GST Updates

Know the Provisions relating to Assessment under GST-Assessment of Unregistered Persons- Section 63 of CGST Act, 2017

Know the Provisions relating to Assessment under GST-Assessment of Unregistered Persons- Section 63 of CGST Act, 2017

 

Relevant Section-: Section 63 of CGST Act, 2017

 

Applicable Rule- Rule 100 of CGST Rules 2017

 

Applicable Forms:

ASMT-14: Show Cause Notice for assessment under section 63

DRC-01- Summary of Show Cause Notice-to be served electronically

ASMT-15: Assessment order under section 63

DRC-07: Summary of the order-To be uploaded electronically

 

  1. Applicability of Section

Section uses the word “Taxable Persons”. Taxable Persons has been defined under provisions of CGST Act as a person who is registered or liable to be registered under the provisions of Section 22 or Section 24 of CGST Act, 2017. Provisions of this section are applicable in following two scenarios:

a) Taxable person fails to obtain registration even though liable to do so: A person who was liable to be registered under the provisions of section 22 or section 24 of the CGST Act, 2017 but fails to obtain registration would be covered under the provisions of this section.

 b) Taxable person whose registration has been cancelled under sub-section (2) of section 29 but who was liable to pay tax-Registration can be cancelled by Proper Officer in the circumstances as mentioned in Section 29(1) or Section 29(2) of CGST Act, 2017. Section 29(1) provides cancellation of registration either on the application of the registered person or on own motion by the proper officer. Section 29(1) provides for cancellation of registration under following scenarios:

  • the business has been discontinued, transferred fully for any reason including death of the proprietor, amalgamated with other legal entity, demerged or otherwise disposed of; or
  • there is any change in the constitution of the business; or
  • taxable person, other than the person registered under sub-section (3) of section 25, is no longer liable to be registered under section 22 or section 24.

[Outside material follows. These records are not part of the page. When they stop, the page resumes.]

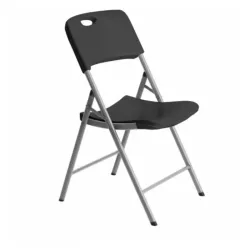Chaise pliante noire Lifetime assise ergonomique pour bureau et réception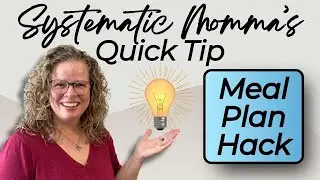 The One Meal Planning Hack Every Busy Mom Needs
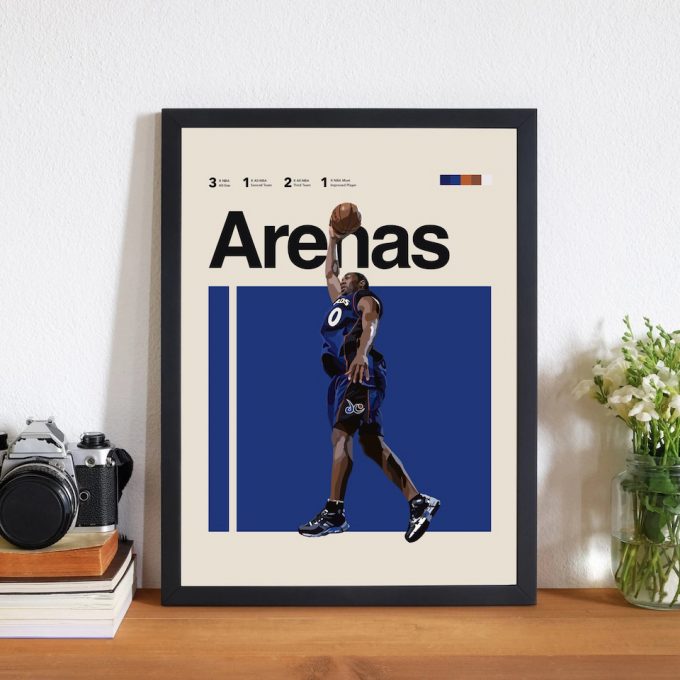 Gilbert Arenas Poster For Home Decor Gift, Washington Wizards Art Premium Matte Vertical Poster For Home Decor Gifts 8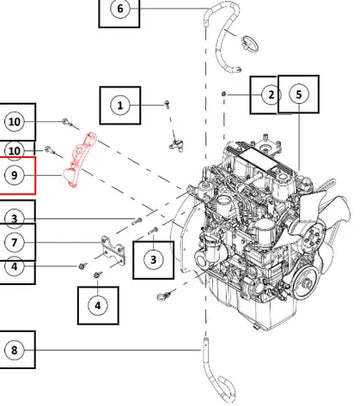 Mahindra Bracket Sensor 006049149K01 Mahindra Direct Parts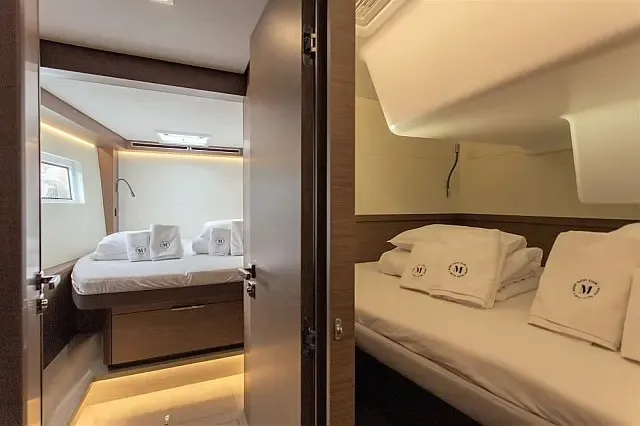 Cabin on Sunshine, a Lagoon 50 catamaran at Grad Trogir, Croatia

Section 63 does not cover situations wherein registration is cancelled under Section 29(1) of CGST Act, 2017 since under all the situations given therein, person is no longer liable to pay tax in future period and for the period prior the date of cancellation, liability is covered by the provisions of Section 29(3) which provides that cancellation of registration under this section shall not affect liability of person to pay tax and other dues under this Act or to discharge any obligation under this Act or rules made thereunder for any period prior to date of cancellation whether or not such tax and other dues are determined before or after date of cancellation.

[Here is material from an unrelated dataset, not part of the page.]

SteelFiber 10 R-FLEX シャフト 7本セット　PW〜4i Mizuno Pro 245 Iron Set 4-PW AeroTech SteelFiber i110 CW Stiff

Section 29(2) provides power to the proper office to cancel the registration of a person from such date including any retrospective date, as he may deem fit. The situations which are provided under Section 29(2) for cancellation of registration are as follows:

  • Registered person has contravened such provisions of the Act or the rules made thereunder as may be prescribed: – Rule 21 provides that registration granted to a person is liable to be cancelled If he does not conduct any business from the declared place of business; or issues invoice or bill without supply of goods or services in violation of the provisions of this Act, or the rules made thereunder; or violates the provisions of section 171 of the Act or the rules made thereunder
  • Person paying tax under section 10 has not furnished returns for three consecutive tax periods; or
  • Any registered person, other than a person specified in clause (b), has not furnished returns for a continuous period of six months; or
  • Any person who has taken voluntary registration under sub-section (3) of section 25 has not commenced business within six months from the date of registration; or
  • Registration has been obtained by means of fraud, wilful misstatement or suppression of facts.

 

  1. Section 62 creates an overriding impact over provisions of Section 73 and 74 of CGST Act, 2017

Section 62 creates an overriding impact over anything contrary contained in provisions of Section 73 and 74 of CGST Act, 2017.

 

  1. Assessment of tax Liability to best of judgement of Proper officer

Proper officer may proceed to assess tax liability of the said person to the best of his judgement for the relevant tax periods.  There is one clear distinction between the provisions of Section 62 and 63. Section 62 which provides for assessment of non-filers of return provides that proper officer may proceed to assess tax liability of the said person to the best of his judgement taking into account all the relevant material which is available or which he has gathered. Therefore, proper officer has to take into account all the relevant material which is available on record or he has gathered. However, provision of section 63 does not provide for taking into consideration of material on record or material which he has gathered.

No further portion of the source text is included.